TASK TO CARRY OUT
Write out nothing but the lines from the one containing "Item thumbnail for" through the last line below, both included, and without the pictures.
[MATERIAL PROVIDED]
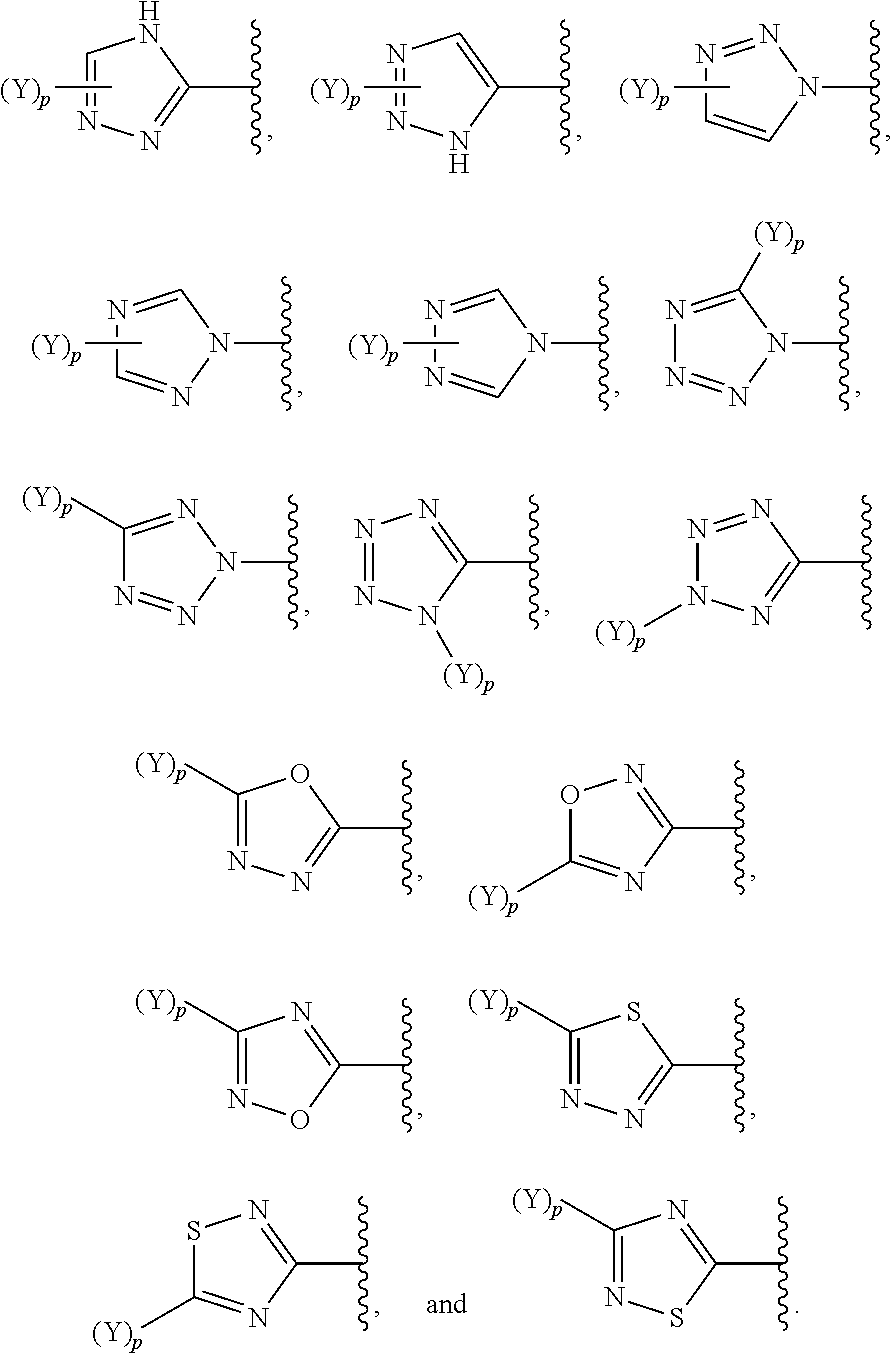 Beta-lactamase inhibitors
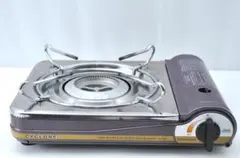 Item thumbnail for item 93ecfe3c-0136-4186-9ef9-4cfda8cbff97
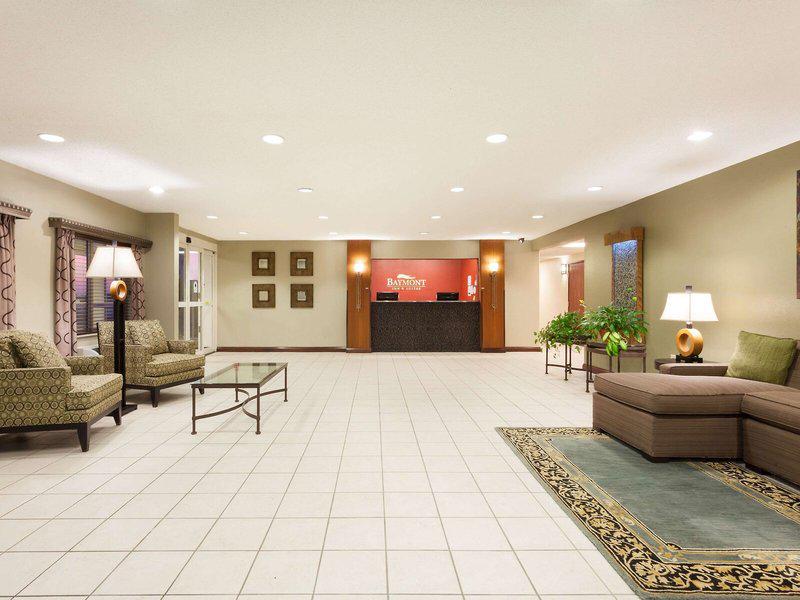 C96866A3048EC99D260D0CE5ACC1C64C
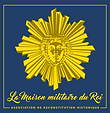 logo_MMR_400px-1.png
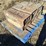 pallet-of-6-metal-army-boxes-image-1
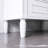 30" Modern Traditional Freestanding Bathroom Vanity Cabinet With Ceramic Basin-552283574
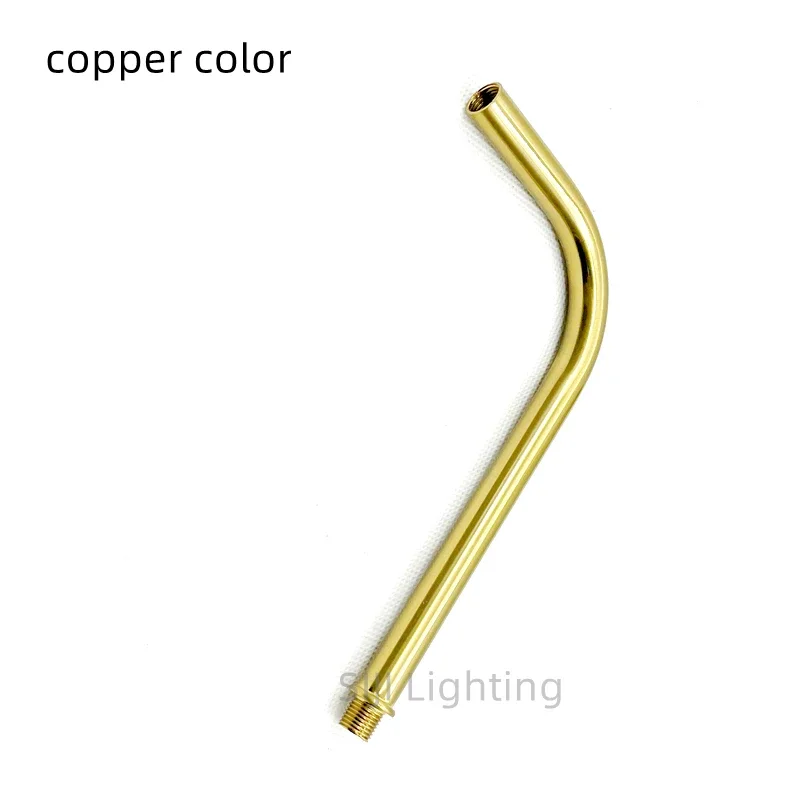 Основание для лампы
[/MATERIAL PROVIDED]
RESPONSE FOR THIS EXERCISE
 Item thumbnail for item 93ecfe3c-0136-4186-9ef9-4cfda8cbff97
 C96866A3048EC99D260D0CE5ACC1C64C
 logo_MMR_400px-1.png
 pallet-of-6-metal-army-boxes-image-1
 30" Modern Traditional Freestanding Bathroom Vanity Cabinet With Ceramic Basin-552283574
 Основание для лампы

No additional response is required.